Sunday, September 28, 2025

3 Short Paragraphs (Or Not): High Life

2018, Claire Denis (Un beau soleil intérieur) -- Amazon

I didn't get it. I didn't get the point. I didn't get the point of the movie, of their journey, of the choices on what human interactions were depicted in the movie. I feel dumb, I feel disconnected from an older intellect that, if not tangibly, would have felt a gut reaction to what I had watched, an inherent understanding of what the director had been trying to do here, even if I was not able to coherently say it out loud. 

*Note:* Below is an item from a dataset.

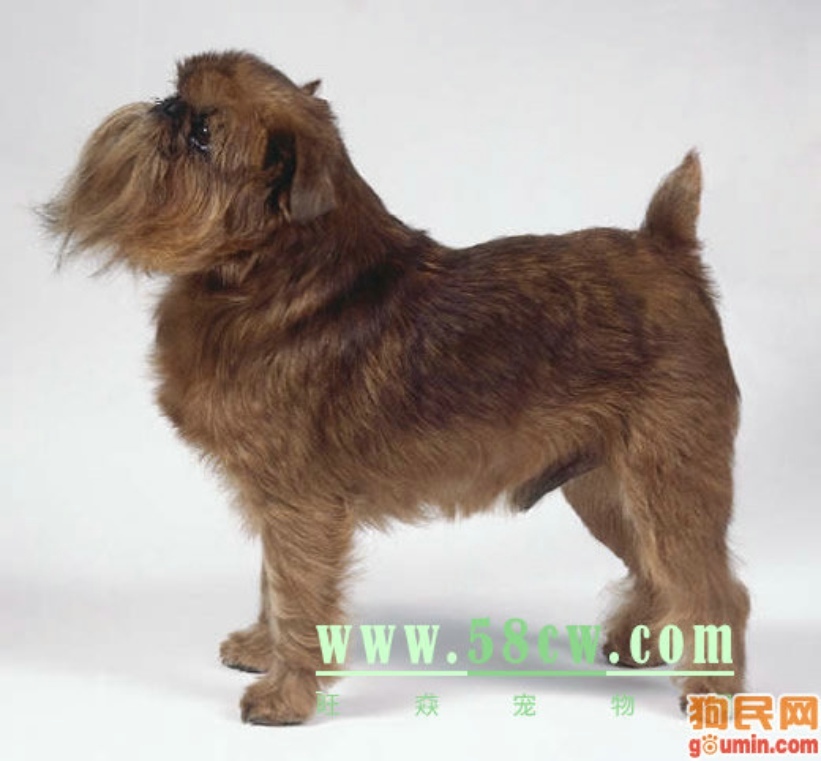 布鲁塞尔格里芬犬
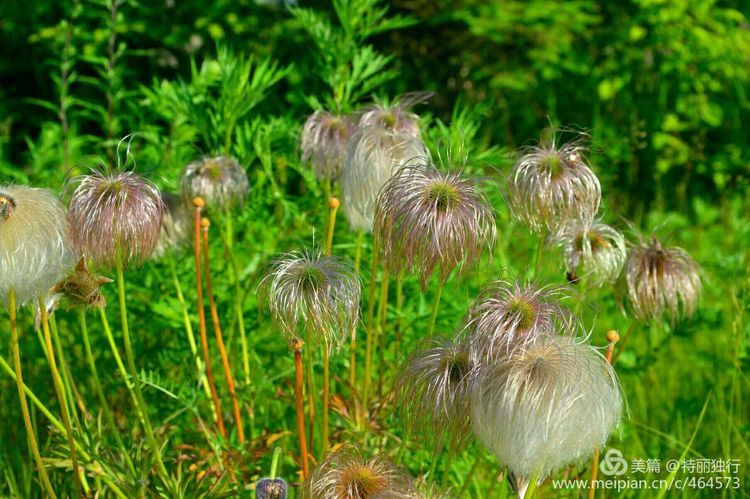 走过四季夏天最美,走过春夏美丽的秋冬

I think that a lot these days -- what is the point, what was the point. I look back at my choices, my interactions, what I chose to do with my time and I wonder... why? I look at it right at this exact moment, where I watched a movie, and persevered to the end, only mildly entertained, and I wonder why. Why am I watching movies that don't excite me, why am I writing about movies without the enthusiastic desire to do so, why do I fill my queues with movies that stagnate until I wonder why I added them. So many why's that only have one banal answer -- because. Just because. I rage at the dying light, seeing fewer days ahead of me than behind, wondering if I will be filling those days with more value. I don't really have to wonder -- value will be overwhelmed by just because, because that is life. My life. What I choose.

In some ways, dude, that is exactly what the characters in the movie are going through. Some ways. Not much of it.

Kent's point in watching this movie was that he was filling his holidays off with a bunch of movies over seven days. That was the point, enjoying the sheer ability to cram the experiences into the short time period. I get that, that is one of the reasons we (Marmy and me, not Kent and I) do out "31 Days of ...", for the enjoyment of consumption for consumption's sake, for over-exposure, for over-saturation. Because some things are fun, just for fun's sake. He liked this movie much more than I did.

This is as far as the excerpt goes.